# [Work to complete]
Apart from pictures, transcribe exactly each line from the one containing "Photo of the whole room, Bed in Alter Athens" through the final line of the listing below.

--------------------------------------------------

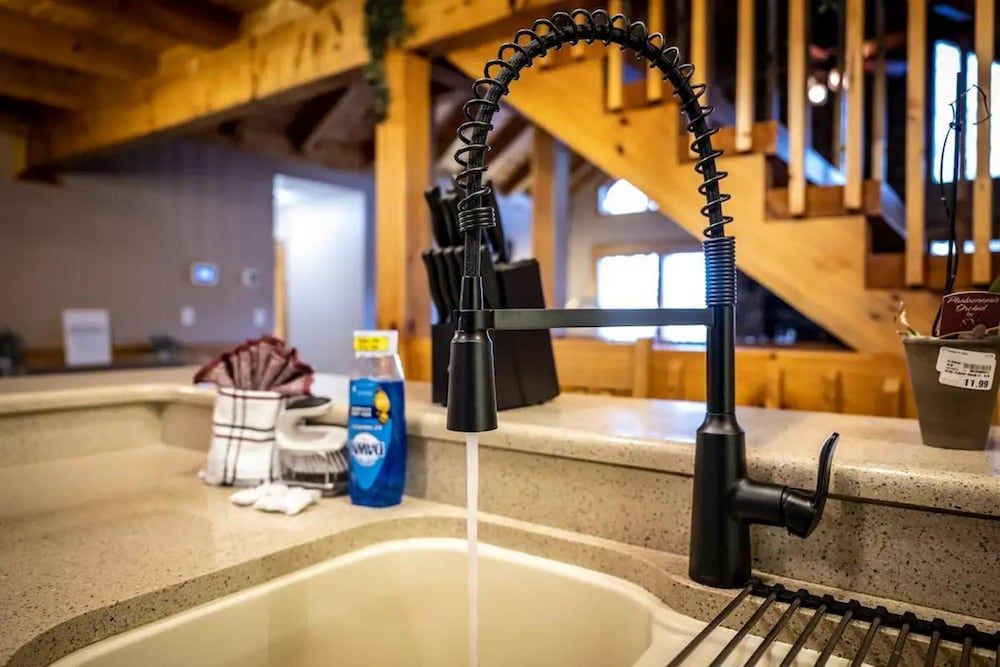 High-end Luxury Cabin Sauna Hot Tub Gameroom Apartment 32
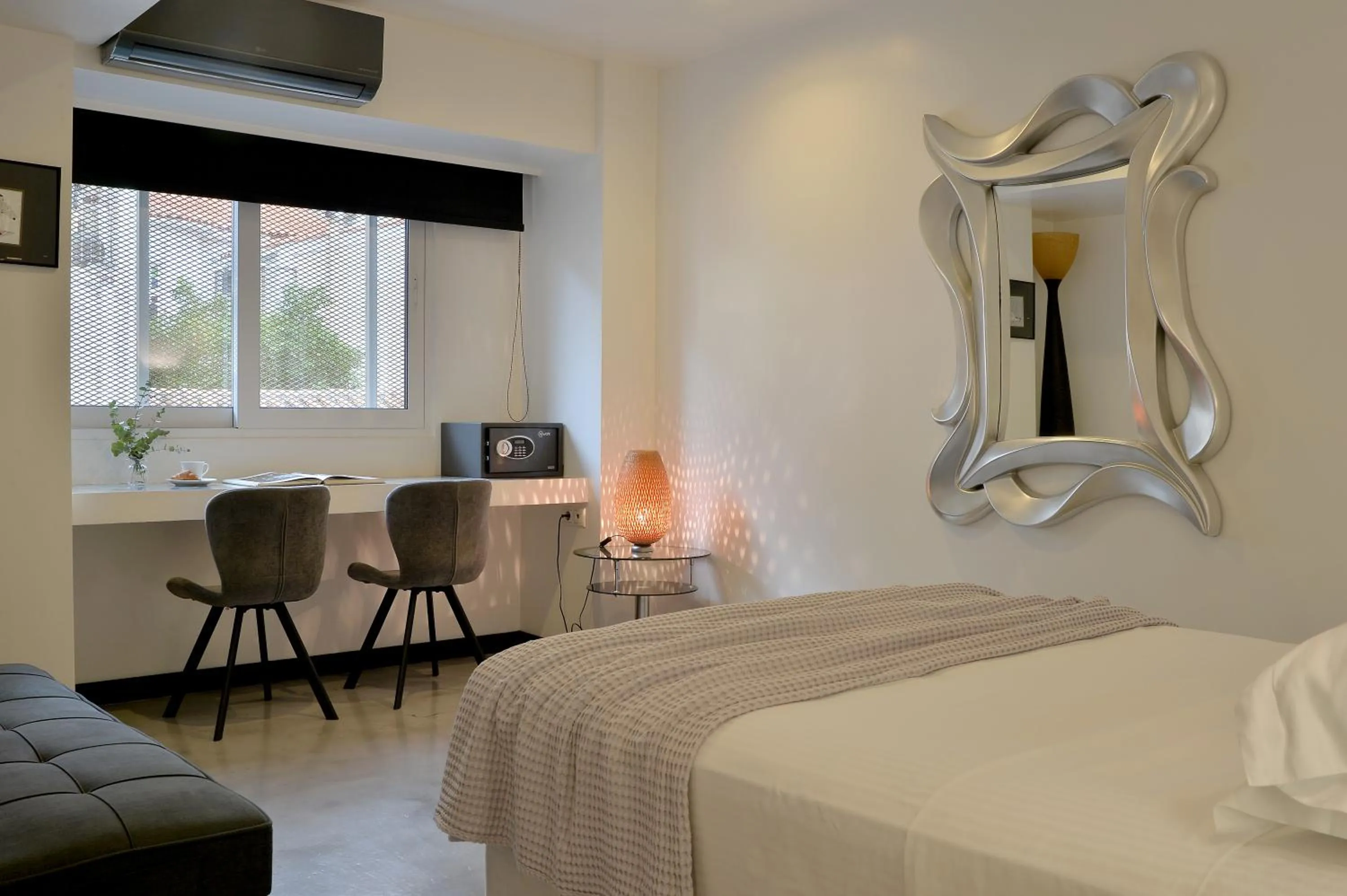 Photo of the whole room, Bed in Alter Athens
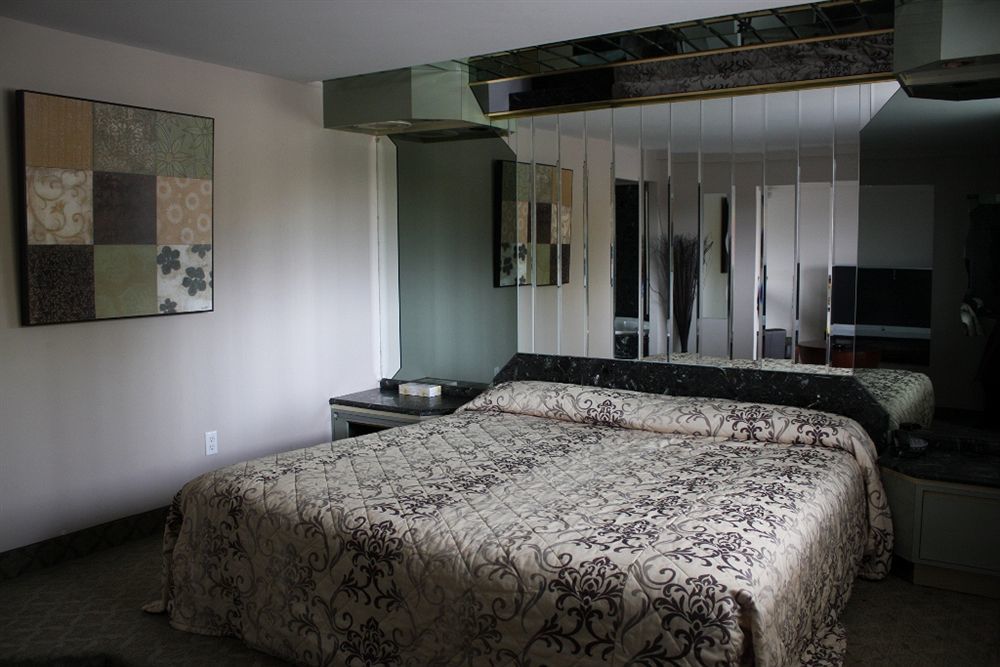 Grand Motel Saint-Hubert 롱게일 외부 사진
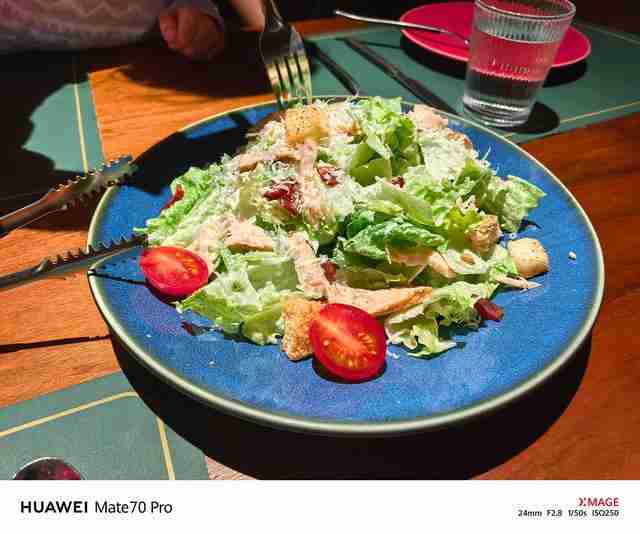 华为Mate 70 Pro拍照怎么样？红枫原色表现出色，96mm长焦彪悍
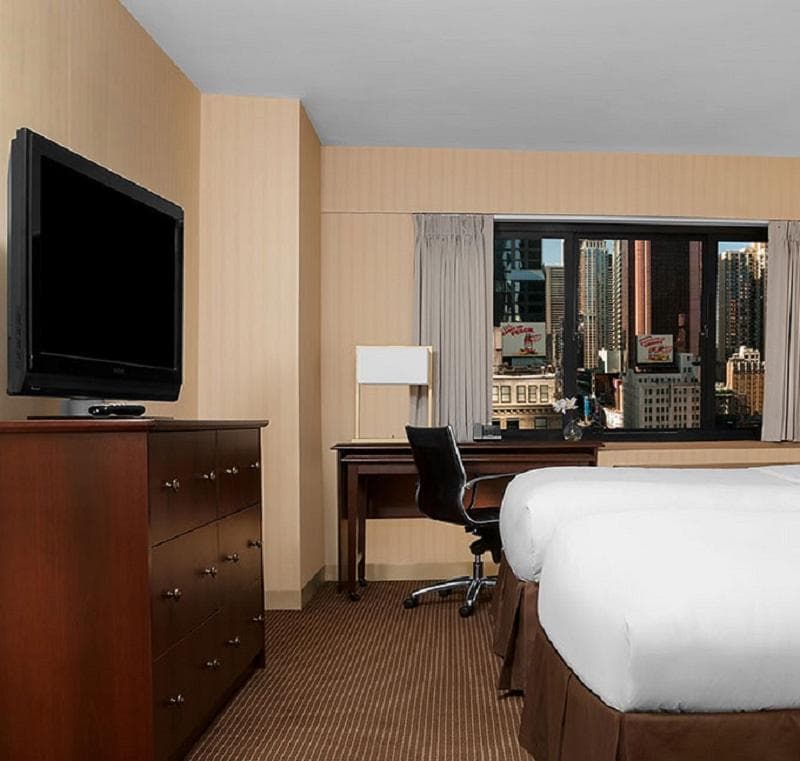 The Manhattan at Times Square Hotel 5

--------------------------------------------------

# [Response]
 Photo of the whole room, Bed in Alter Athens
 Grand Motel Saint-Hubert 롱게일 외부 사진
 华为Mate 70 Pro拍照怎么样？红枫原色表现出色，96mm长焦彪悍
 The Manhattan at Times Square Hotel 5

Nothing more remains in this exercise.